__REQUIREMENT__
Your copy should match the listing word for word, apart from the pictures, which are left out.

__SOURCE INFORMATION__
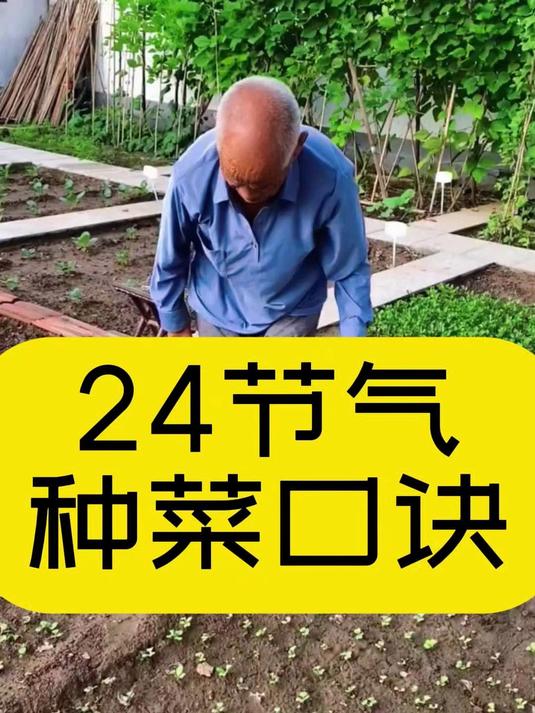 24节气种菜口诀,要想种菜产量高,一定要牢记!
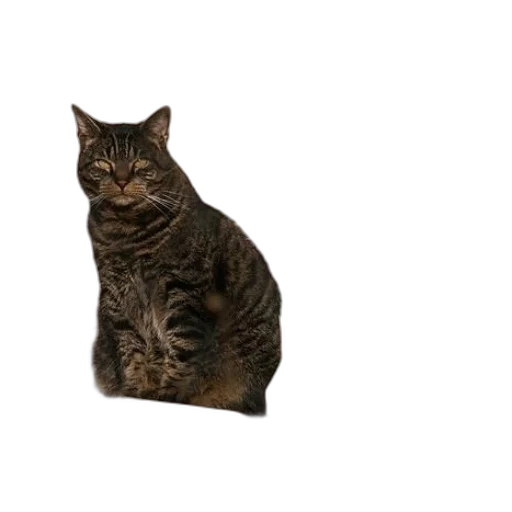 animal, creature, staff, face transparent PNG cut-out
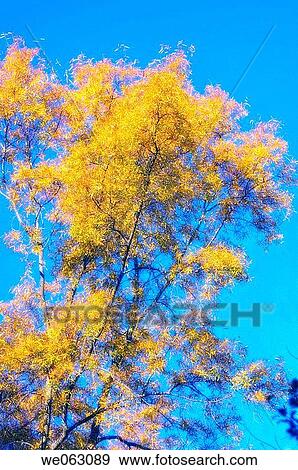 Autumn Colours. November 2006, Maryland, USA View Large Photo Image Stock Photo - Autumn Colours. November 2006, Maryland, USA. Fotosearch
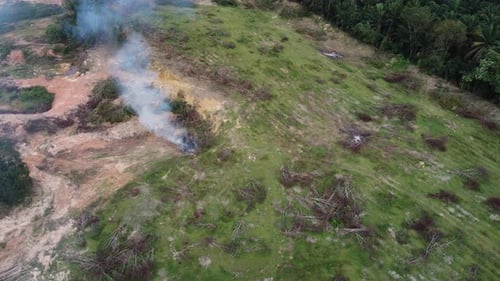Aerial View of Deforestation and Burning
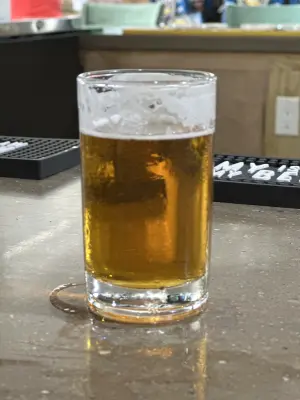 PLohbauer's photo of IPA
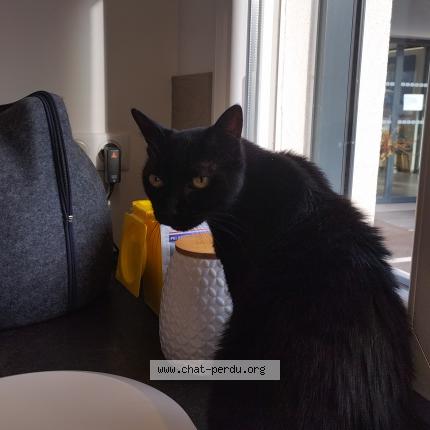 Photo 1/1 Lulu Chat lost in Berstett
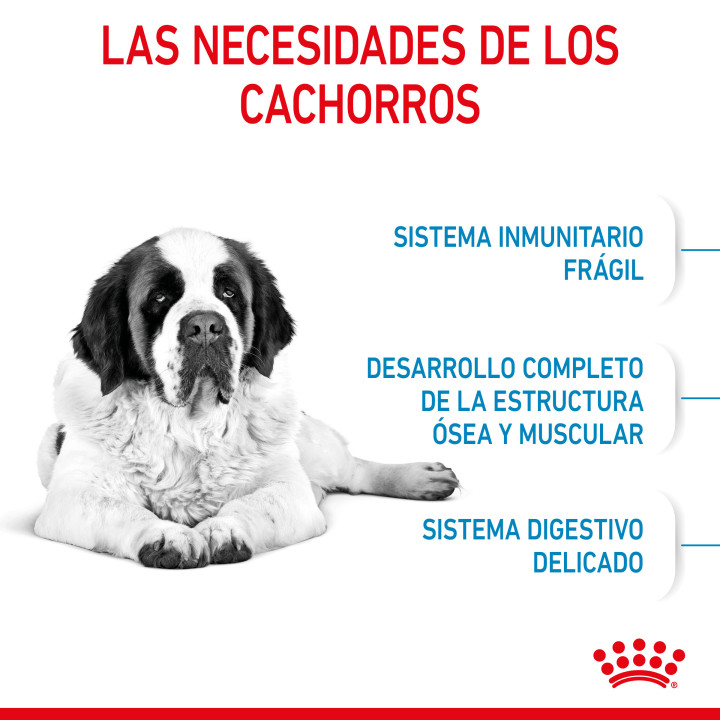 Royal Canin Giant Junior pienso para cachorro - Kompymascotas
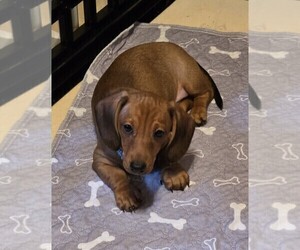 Dachshund Puppy for sale in HAMMOND, IN, USA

__TASK ANSWER__
 24节气种菜口诀,要想种菜产量高,一定要牢记!
 animal, creature, staff, face transparent PNG cut-out
 Autumn Colours. November 2006, Maryland, USA View Large Photo Image Stock Photo - Autumn Colours. November 2006, Maryland, USA. Fotosearch
Aerial View of Deforestation and Burning
 PLohbauer's photo of IPA
 Photo 1/1 Lulu Chat lost in Berstett
 Royal Canin Giant Junior pienso para cachorro - Kompymascotas
 Dachshund Puppy for sale in HAMMOND, IN, USA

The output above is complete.